Assignment:
Every line from the one holding "Construction Trucks. Construction" to the end of the entries should be repeated exactly, with the pictures left out.

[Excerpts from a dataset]

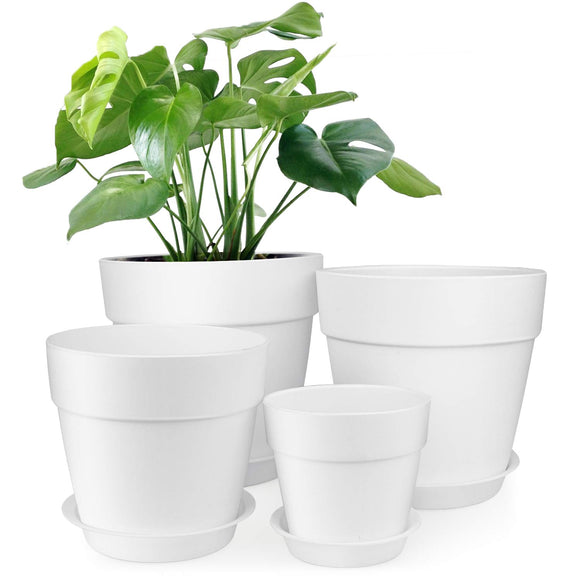 homenote plant pots HOMENOTE 7/6.5/5/3.7 inch Plastic Planters Indoor Set of 4 – Pete's Home Decor & Furnishings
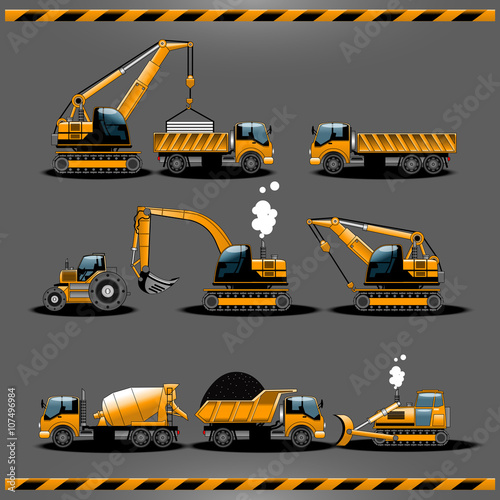 Construction Trucks. Construction Vehicles Types Vector icon set. Car Toy Packaging Design. Construction Transportation Vehicles. Construction Cars. Driving License Categories Book illustration.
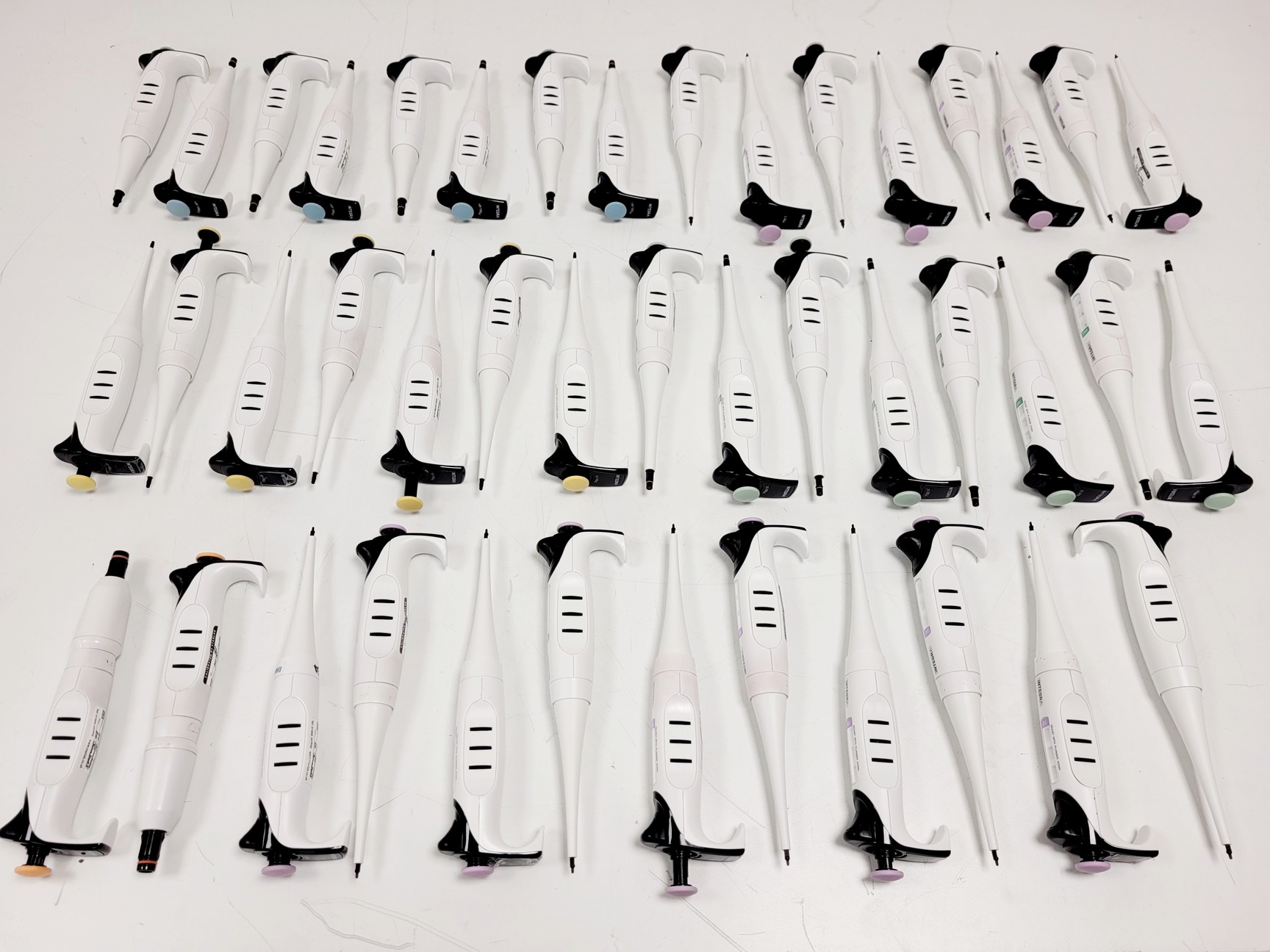 Image of Job Lot of 43 x EVOLVE Integra Pipettes (0.2-2ul - 500-5000ul) w/ 5 x Stand Lab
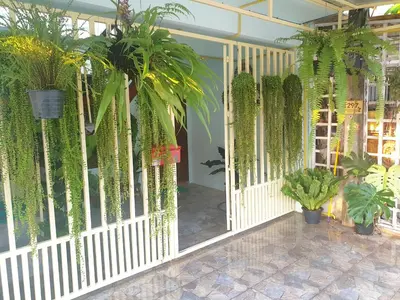 a hallway with plants and a white fence at 297 Nature Residence in Bangkok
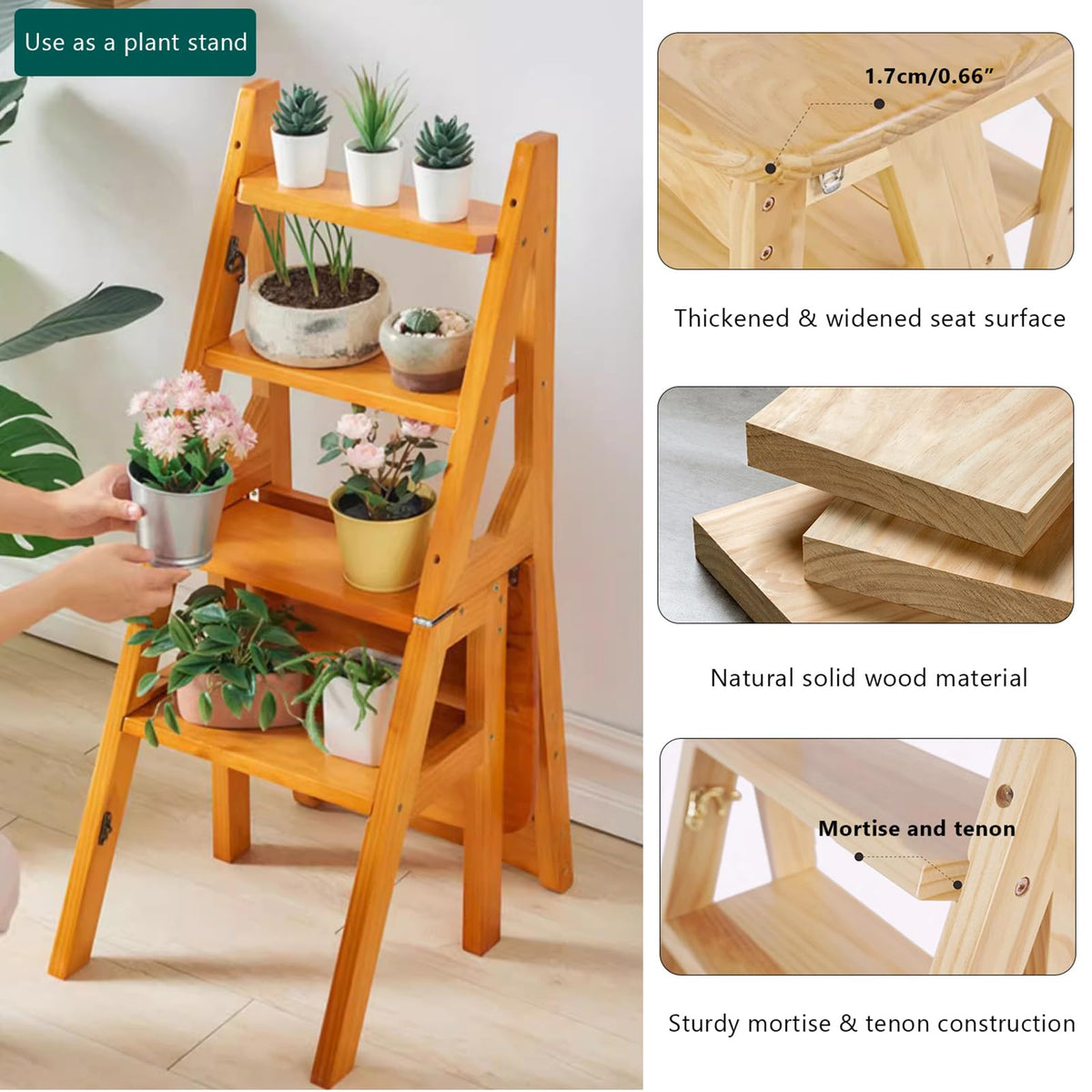 Solid Wood Folding Ladder Chair B10283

Problem solution:
 Construction Trucks. Construction Vehicles Types Vector icon set. Car Toy Packaging Design. Construction Transportation Vehicles. Construction Cars. Driving License Categories Book illustration.
 Image of Job Lot of 43 x EVOLVE Integra Pipettes (0.2-2ul - 500-5000ul) w/ 5 x Stand Lab
 a hallway with plants and a white fence at 297 Nature Residence in Bangkok
 Solid Wood Folding Ladder Chair B10283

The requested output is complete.